Carlin, McCoy and Subotin (2016) find that trust in president Santos and the FARC were positively correlated with support for Colombia’s peace process, while including political participation or less severe punishment than the ones received by the paramilitaries was negatively correlated. These variables, however, cannot fully account for Colombians’ divergent attitudes towards the peace agreements reached with the FARC and the paramilitaries. Trust in president Santos is likely the outcome of the peace process, and, as mentioned above, Colombians have equally unfavorably views of both groups.
Building on previous work, our research focuses on the recipient of transitional justice and political participation measures rather than the outcome. We argue that views about the legitimacy of armed actors are deeply held—impervious to information that contradicts them (Taber & Lodge 2006)—and they influence the likelihood of supporting or rejecting transitional justice and political participation mechanisms. If an armed group is perceived as the main culprit behind violence and believed its actions are driven by greed, a person will think of it as undeserving and reject the concessions. On the contrary, if an armed group’s origin and violent actions are seen as driven by grievances, then a person will think of the group as more deserving of the concessions.
In order to assess this argument, we use two survey experiments in Colombia. The first experiment tests if support for transitional justice and former combatants’ political participation varies depending on whether the beneficiary belongs to the FARC or a paramilitary group. We hypothesize that public support for transitional justice mechanisms, increases when the beneficiary belongs to a paramilitary group, rather than the FARC. The second experiment tests if people’s perception of a given combatant’s responsibility for the armed conflict changes when they receive new information on human rights violations. We expect people’s responsibility adjudication between the FARC and the paramilitaries to remain the same, even after they receive information that contradicts their beliefs.

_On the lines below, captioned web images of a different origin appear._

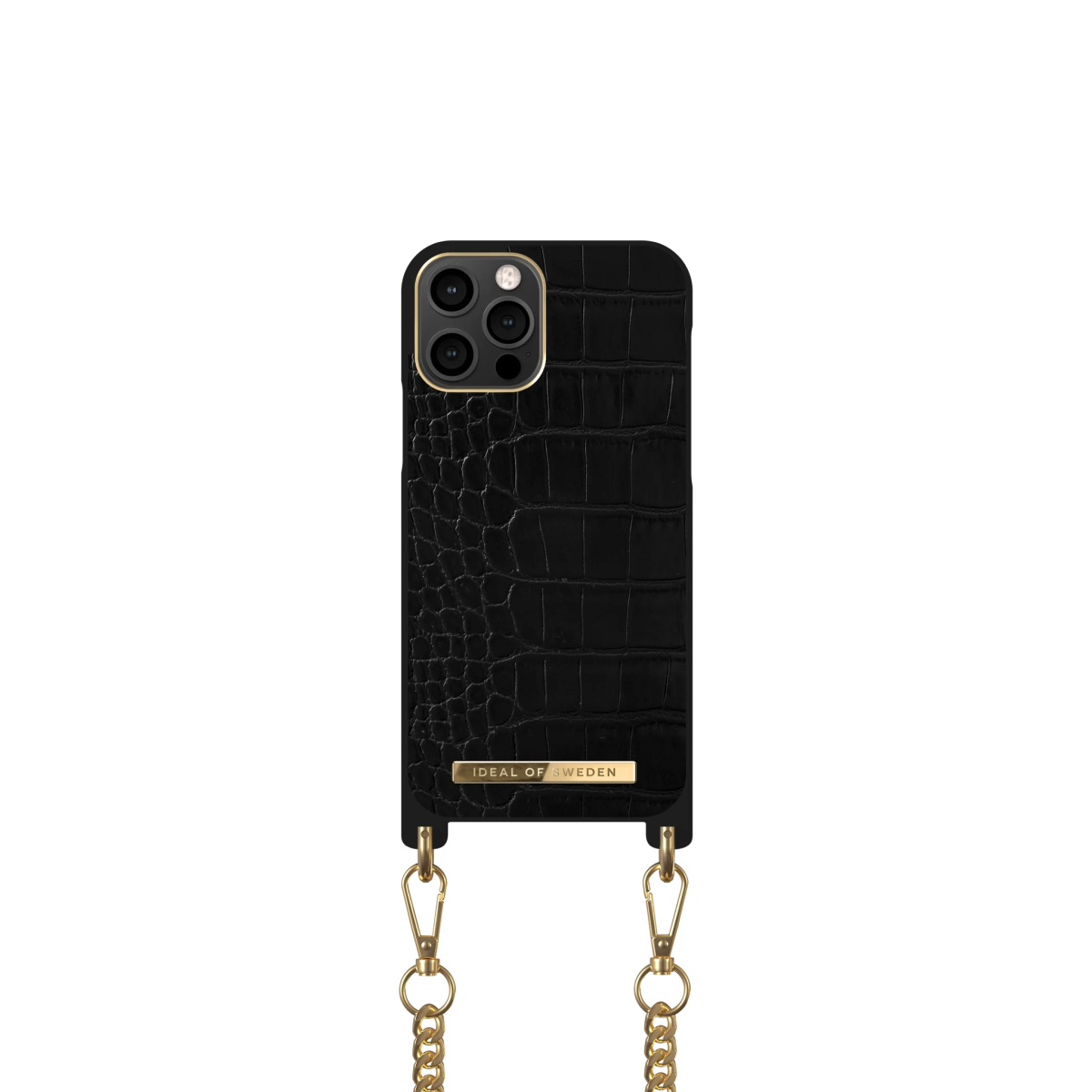 IDEAL OF SWEDEN θήκη λαιμού iPhone 12/12 Pro Jet Black Croco IDNCSS20-I2061-207 - Image 3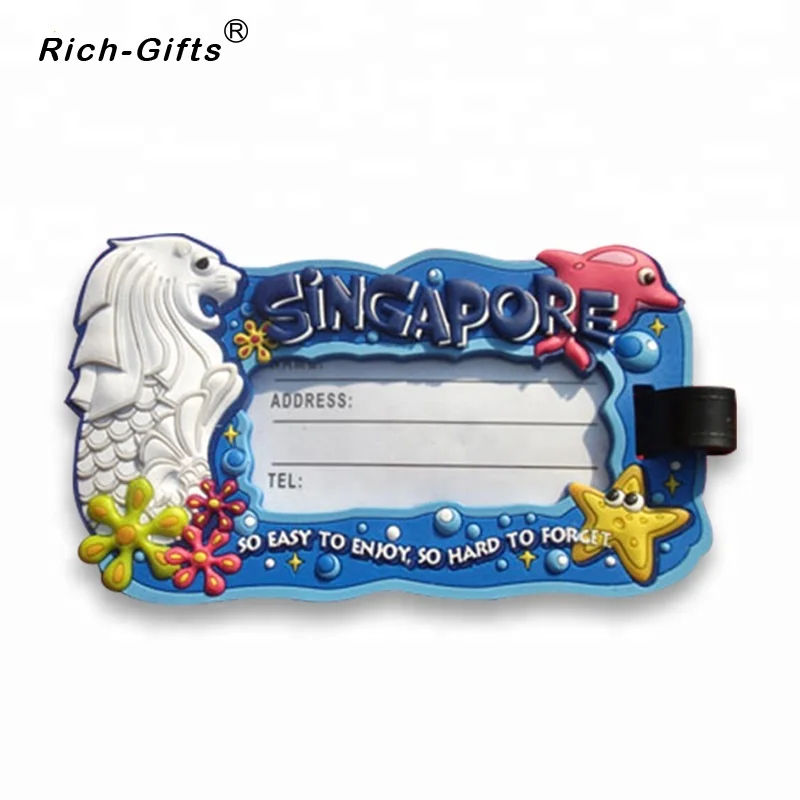 
Best Selling Tourist Souvenir 3D PVC Soft Rubber Refrigerator Magnets For Countries 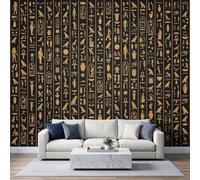 Egyptian Hieroglyphs Wall Mural 150x105cm, Ancient Egyptian Art Poster Mural, HD 3D Print Non-Woven Photo Wallpaper, Modern Living Room Bedroom TV Backdrop Wall Decoration
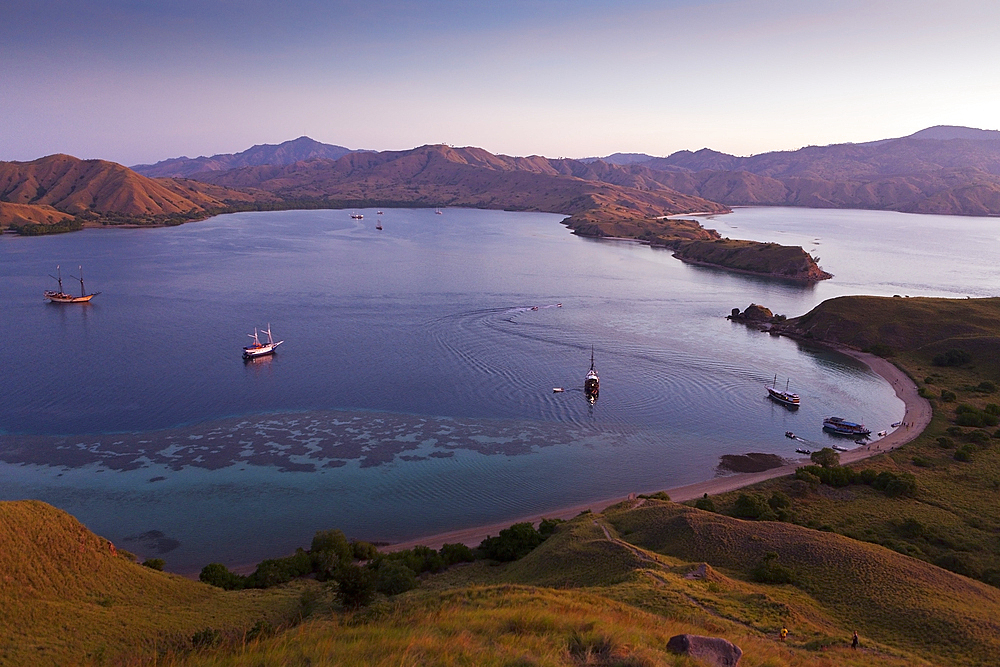 View over Gili Lawa Darat Bay, Komodo National Park, Indonesia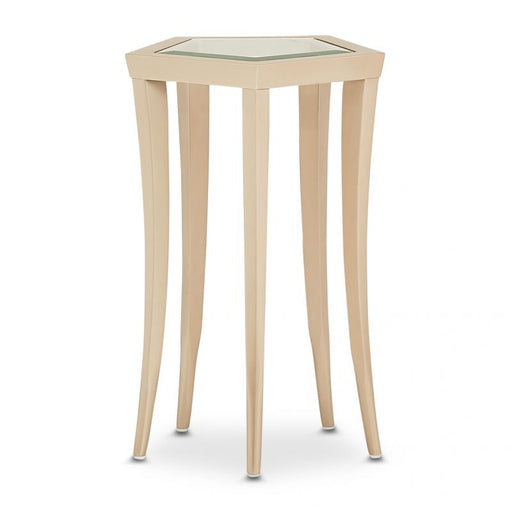 AICO La Rachelle Chairside Table in Medium Champagne image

How societies deal with atrocities committed during authoritarian regimes or civil wars has an important impact on the stability and quality of democracy thereafter. This research will not only help us and policy makers evaluate and improve peace agreements and build sustainable peace in transitional societies. But will also inform research on public opinion and crime more broadly, including, the effect of race, ethnicity, and gender in crime punishment.